This intuitive evaluation made by the interviewers is similar to what Agile methods ask of development teams when determining a value for “story points.” T-shirt sizes, planning poker, dot voting, affinity mapping and many similar techniques are all designed to elicit an intuitive sense of the effort involved. If there is a disagreement between team members, than a dialog follows to understand what the discrepancy is all about. This continues until there is alignment on what the team believes the effort to be. When it works, it works well.

So on to the details of the approach I’ve been experimenting with. (It doesn’t have a name yet.) The result of this approach is a number I call the “effort value.” The word “value” is a reference to the actual elementary mathematics value being derived. Much like the answer to the question “What value results from adding 2 and 2?” Answer: 4. The word “value” also suggests an intrinsic worth, something beyond a hard number. My theory is that this will help teams think beyond the mere number and think also about the value they are delivering to stakeholders. The word “point” correlates to a hard number and lacks any association to intrinsic worth or value.

Changing the words introduces a simple and small shift that nonetheless has a significant impact. With the change, teams are more open to considering a different approach to determining estimates.

So how is the effort value derived?

I begin by having the team define 4-5 characteristics or attributes that, to them, describe what they mean by “effort.” It is important for the team to define these attributes. By doing so, they own the definition and it becomes much harder for them to dismiss the attributes as “someone else’s” and thereby object to their use in deriving an effort value. These attributes can be anything that is meaningful to the team. Examples:

  • Complexity – Is the work straightforward (e.g. code a bubble sort function) or does it involve interrelated systems (e.g. code a predictive inventory control algorithm)?
  • Dependencies – How dependent is the product backlog item on other backlog items or other teams?
  • Familiarity – Is this work very similar to work the team has done in the past or something quite new? Tasking a coder with documenting a piece of straightforward code may actually be a difficult effort because the coding language they spend most of their day with is familiar whereas writing clear sentences that non-technical people can understand is unfamiliar.
  • Information – Is the detail in the product backlog item complete? Are the acceptance criteria and definition of done clear?
  • Technical Debt Risk – Does the PBI require any refactoring of related code? Is any technical debt being incurred with the PBI?
  • Design Stability – Is there a lot of discovery and exploration needed to complete the PBI?
  • Confidence for Completing a PBI within the Sprint – This category may roll up several categories.
  • Tedium – Perhaps the effort involves a lot of repetitive copy and paste that nonetheless requires careful attention to avoid simple mistakes.

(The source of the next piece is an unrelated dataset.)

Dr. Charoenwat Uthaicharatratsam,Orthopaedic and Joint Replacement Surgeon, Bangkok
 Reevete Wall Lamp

The team can define any attribute they wish. However, there are a few criteria to consider:

  • Keep the list limited to 4-6 attributes. More than that risks turning the derivation of an effort value into the equivalent of a product backlog item navel-gazing exercise.
  • Time cannot be one of the attributes.
  • The attributes should be reasonable. Assessing a product backlog item’s effort value by evaluating it’s “aura” or the current position of the stars are generally not useful attributes. On the other hand, I’ve listened to arguments against evaluating estimates in terms of “complexity” as being similarly useless. I see the point of those arguments, but my view is that the attributes must first and foremost be meaningful to the entire team. In the end, it’s an educated guess and arguments about the definition of terms like “complexity” are counterproductive to the overall intent of deriving an effort value.

Each of these attributes is then given a scale, the same scale for each attribute – 1 to 10, 1 to 15 – whatever the team feels is most appropriate. The team then goes through each of these attributes and evaluates the product backlog item attribute on the scale. (NB: After nine months of Plan-Do-Check-Adapt, a better approach for scoring the attributes has been determined.) The low number on the scale represents very little impact. If dependency, for example, is one of the attributes then a 1 might mean that the product backlog item is entirely self-contained. A 10 might represent a case where the product backlog item is dependent on several other product backlog items or perhaps the output from other teams.

When this is done, ask the team where on the modified Fibonacci scale they think this particular product backlog item’s effort value should be. If they’re struggling you can do the math: find the average for all the attributes and match that number in the modified Fibonacci scale. If the average is a decimal, for example 3.1, match the value to the next highest modified Fibonacci scale number. In this case the value would be 5. Then ask the team if they feel that number it’s a good representation of the effort value for the product backlog item.

This may seem like a lot of unnecessary gyrations, but for technical people it’s a simple process they can understand. The bonus is a number they can calculate. The number isn’t what’s important here. What’s important is the conversation that happens around the attributes and what the team feels about the number that results from the conversation. This exercise is meant to develop their intuitive muscles for considering multiple aspects and dimensions behind the “effort” needed for them to get the work done.

Use this process enough times and eventually calculating the average can be dropped from the process. Continue using this process and eventually calculating the numbers for the individual attributes can be dropped from the process. I don’t know if it’s a good idea to drop the use of the attributes for generating the needed conversation around the effort needed, but it will certainly be valuable to reconsider the list of attributes from time to time so as to fine tune the list to match what the team feels is important.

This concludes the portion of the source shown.